Throughout the week, Guinness World Records is going to be sharing and celebrating the stories behind some of the most iconic record-breaking Olympians.
We continue our series with a look back at the incredible achievements of track star, and four-time record holder Ed Moses.
It’s July 1976, and a 19-year-old Ed Moses is approaching the 400m hurdles for the first time in an international meeting. An international meeting that just happens to be at the Montreal Olympic Games. The gun fires, and Moses takes off - legs flying above the track asphalt. 
Long strides, stretching further than his opponents, tackle each hurdle with ease. It’s his gift amongst the others. 
Moses knew his advantage lied in his leg span, but he did not know this inherent ability would win him the race, and would form part of an unprecedented winning streak that would last an incredible 122 races. 
Moses would cross the the finish line in Montreal with two titles people hope to have in their lifetime:  gold medalist and world record holder. 
In a stadium of an awestruck crowd, the setting of his success was the Montreal Olympics, and his time of 47.63 seconds— shattered the speed record his predecessors set for the event. 
In the subsequent nine years after 1976, Moses did not understand the menial concept of losing. Every breath and step was put towards winning races, and he did so for each race that followed. 
Unlike other runners, Moses managed to reach the daunting hurdles on the track in 13 strides instead of 14. His long-legged strategy proved to be a good one, as it gained him more victories and Olympic medals.
“By definition… a world record in your mind, in a competitor’s mind, is so powerful— you don’t even know if you’ll be able to do it again,” mentioned Moses, recalling his first world record title.
But clearly, Moses did not like to wonder about his potential. With fervor and a strong competitive spirit, he went on to beat his own record three more times, scaling the competition for anyone else who tried to surmount his legacy. 

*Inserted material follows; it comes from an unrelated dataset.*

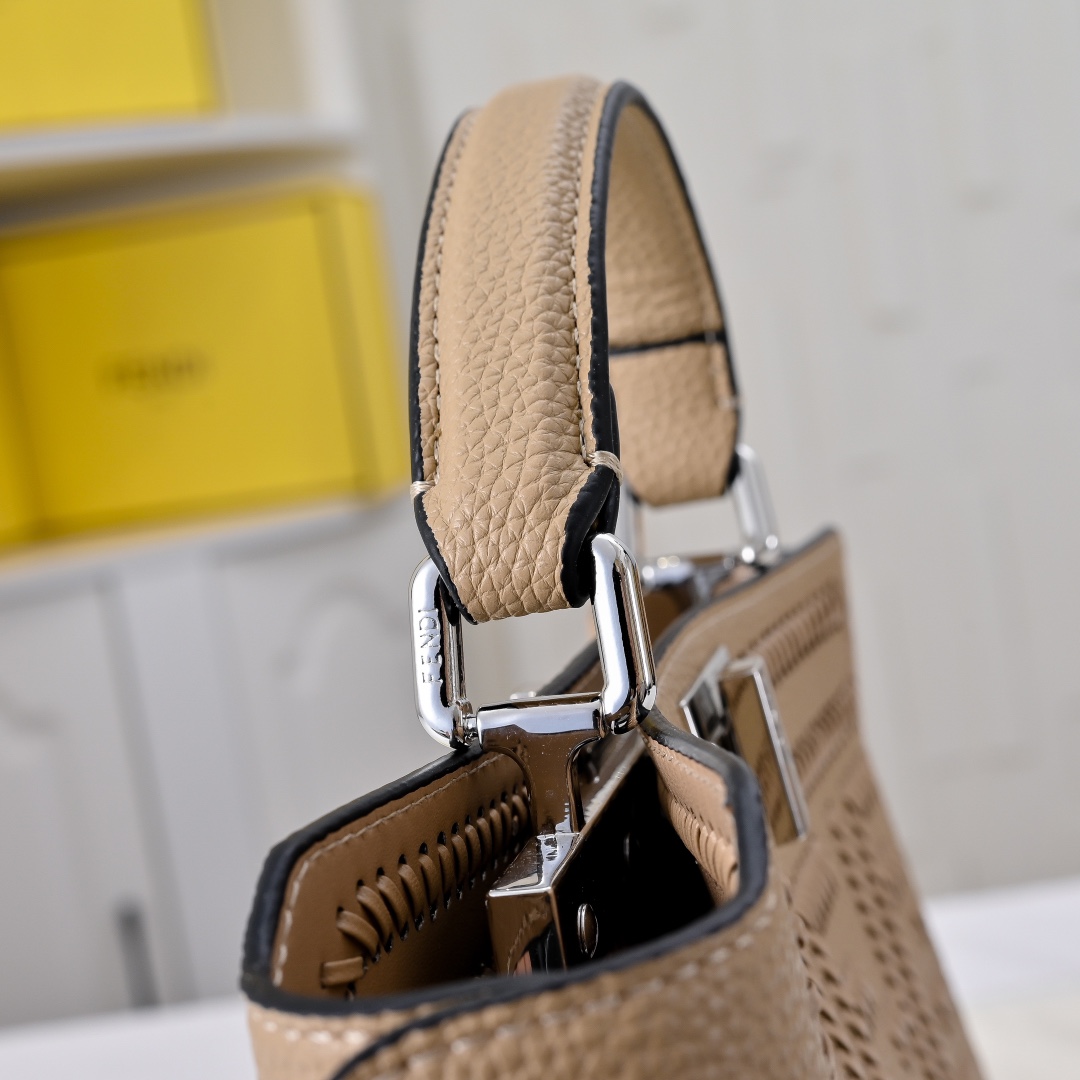 FENDI ekaboo iseeu small bag 3372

The Ohio-born track and field star gained two more metals throughout the course of his career; a gold from the 1984 Olympics in Los Angeles, California, and a bronze in Seoul Korea four years after. 
When he leapt over that final hurdle in 1988, it was the last stride for an extraordinary athlete. Moses, though finished with sprinting the track, could not give up his passion for sports. 

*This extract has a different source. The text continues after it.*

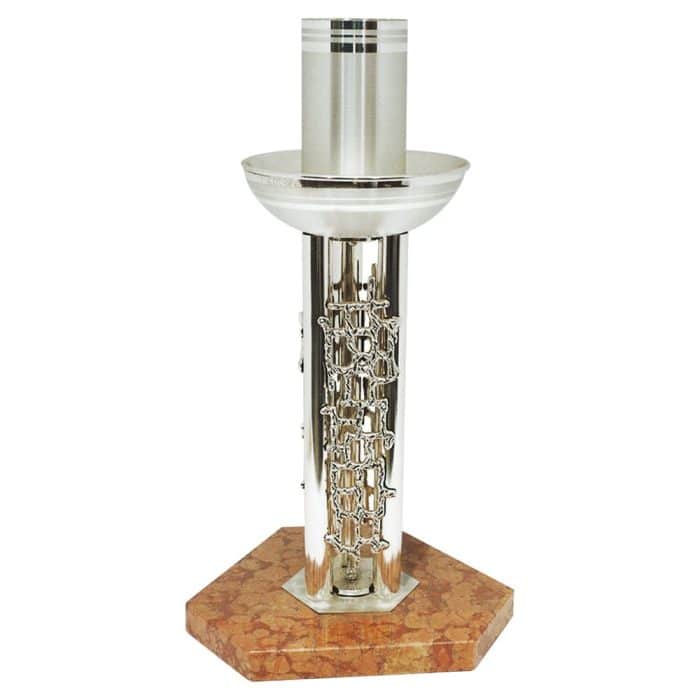 带格栅的烛台底座 Catholic religious art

Upon retirement he traded his worn Team USA uniform for a sled, as he decided to become a competitive bobsledder. 
Predictably Moses treated each bobsled race as any other, heading to the World Cup Race in 1990 where he earned another bronze medal. 
Now he is an honorable and respected member of the United States Track and Field Hall of Fame, and works as head of Substance Abuse, Research, and Education Committee for the US Olympics. 
In the course of his story, Edwin Moses proved there are no constraints, no limitations, to conquering success. Even when the best cannot fathom being beaten, it is still possible to do better. His multi-record breaking accomplishments are inspiration for every Olympian and runner to come, including the exceptional at tomorrow’s opening ceremonies.